What is "urgent" to you?
Because I frequently talk about the invisible forces
within and around us, people eagerly share their stories
of narrow escapes and life-transforming coincidences
with me. As a result, I’ve learned that there are
basically two types of people: those who think stress is
part of life, and do everything in their power to fight
it, and those who use stress as an opportunity to gain
clarity and energy that empowers what they believe is
right and good. For the former, words like
"Urgent!" are part of their daily vocabulary.
Everything is a problem that needs to be solved right
now, usually by making persistent demands or
raising their tone of voice. The latter has an easier,
less stressful time of it, as they only use radical
words when a building is on fire or someone’s life is
at risk. They have traded "Urgent" for
"absolute," the deep-seated belief that
beneath the chaos lie the answers and contentment we all
Replacing crisis with confidence
Just recently, I discovered a great way to replace
"Urgent" with "absolute." Maria, my
wonderful singing teacher, handed me a list printed on
rose-patterned paper. "These are my artistic
standards as your singing teacher," she said. There
were ten of them. Each one was a value statement,
clearly expressed and followed by a reason for its
inclusion on the list. On it were things like,
"When preparing for a role or performance, all
music must be worked with the Instructor before singing
it in public. This ensures you are doing your best
work in public as a professional."
"Students will call if they are going to miss a
lesson before the lesson is missed. This shows
respect for your Instructor’s time."
"All students will sing in foreign languages. This
broadens your horizons and makes you a well-rounded
She had not only clarified what she expected of us
and why, but what we would be likely to gain as a
result. She had taken her frustrations with our communal
reluctance to be our best and transformed them from a
source of stress to a foundation for her personal peace
And that wasn’t all. When I finished reading it,
she pointed to another rose-patterned paper attached to
a bulletin board over her desk. "I didn’t feel
right just telling my students my values and
expectations of them," she said. "I felt I had
to do it for myself, so both you and I would know what
you can reasonably expect of me."
I walked over and read them carefully. They included
things like, "I show respect for my students by
always being on time." She had been late for
lessons before this, always for good reasons, so seeing
it on the list was something of a surprise. She laughed.

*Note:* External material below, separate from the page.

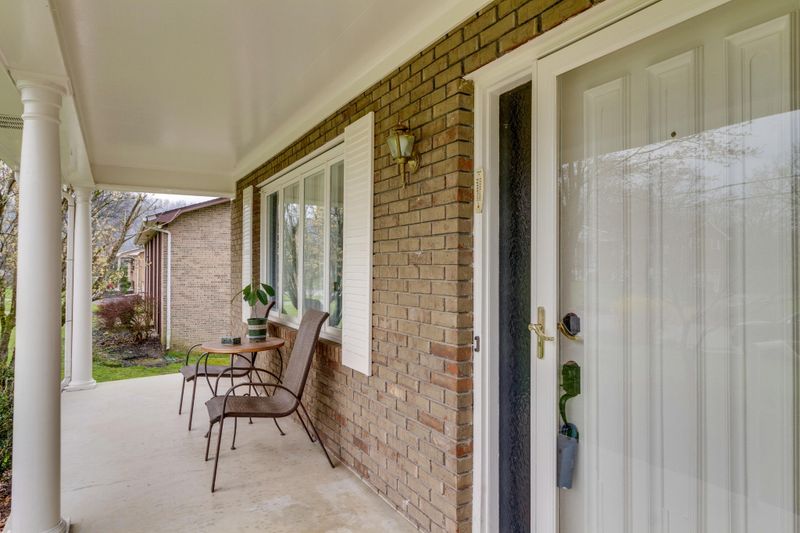 7217 Arlie Dr, Knoxville, TN 37918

"Well, I tried it for the first time the other day.
As I was enjoying a long, hot shower, I looked up, and
there were my values on a piece of paper taped to the
bathroom mirror. As much as I wanted to stay in the
water, I said, "Gotta go!" I jumped out and
got dressed right away."
After we’d gone through them all and talked them
over, she smiled gently. "You can’t even begin to
imagine how peaceful I felt after I did this," she
said. "It makes things so much easier."
"Clarity will do that," I responded,
"especially clarity about what you DO want, as
opposed to what you DON’T."
I thought about the two women who were leaving URGENT
messages. I wondered if either of them ever thought
about the attitudes and beliefs that motivated their
unnecessarily overly-dramatic action. Did they feel good
leaving me messages like that? My guess is that they
didn’t, and neither did I as their recipient. I had to
force myself to deal with them, creating stress where
none was necessary. I kept hoping that at some point, I
would be able to see more of the good in them while
staying true to what was right and good in myself.
Frankly, it was a nearly impossible task.

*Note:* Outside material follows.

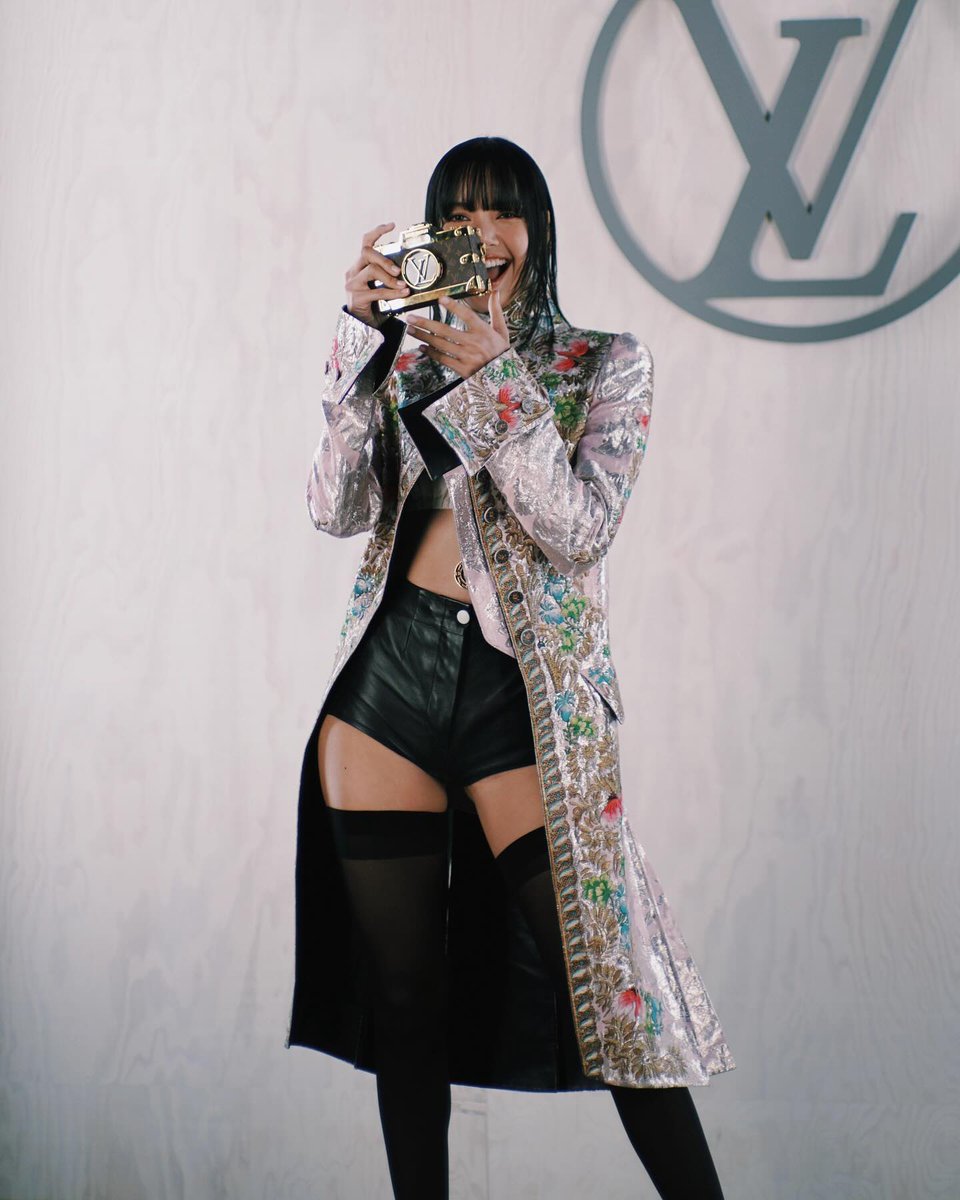 that's a serve from LALISA. LISA X LOUIS VUITTON #LISAxLVFW24 @LouisVuitton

How much better for them and me it would have been if
they had done as Maria had, making a list of what they
valued so they could ask themselves if their actions
were reflective of the best within themselves. My guess
is that in doing so, they would have chosen other
beliefs, attitudes and words before acting, thus
reducing their own stress rather than mindlessly
spreading it to others.
The origins of stress
If you reflect, you will often see that the stress
you feel is not because of what is actually happening to
you, since few of us ever put ourselves or find
ourselves in a place that is truly dangerous or
life-threatening. Instead, much of our stress comes from
what we think about what isn’t
happening at the moment. We are worried about the
future, or angry about the past. The women who left
"urgent" messages for me were worried that I
wouldn’t call them back and that they would be left
without answers in the future. In spite of the fact that
their experiences told them this would not be the case
with me, their history with other people must have led
them to believe otherwise. So they reacted to a fear
rather than act with confidence and trust.
Coming home to ourselves
But how do you stop wandering off into the uncertain
unknown? How can we come home to ourselves before we
alienate others? A simple exercise starts the process.
Simply jot down ten things that are bothering or
worrying you right now. Because our attention is
naturally drawn to try to eliminate what is annoying or
hurting us, most people can do this in under two
When you’re through, keep your pencil or keyboard
ready and try to list five specific things that make you
feel happy or peaceful. Do not use generalities like
"my family" or "a sunny day." Like
your list of pain, go for details: "the smile on my
three-year-old’s face when I walk in the door" or
"hearing from my boss that my research was
When I introduce the pleasure part of this exercise
at my workshops, the response is interesting. What
should be enjoyable often brings groans and resistance.
"This is really hard!" a woman exclaimed at
one event. Others chimed in with "I can’t do
it!" and "nothing’s making me happy right
now." I had to call for a break to let them clear
their minds and refocus.
Defining what’s value-able makes the
Knowing our values enables us to handle whatever
stresses come our way. We become value-able.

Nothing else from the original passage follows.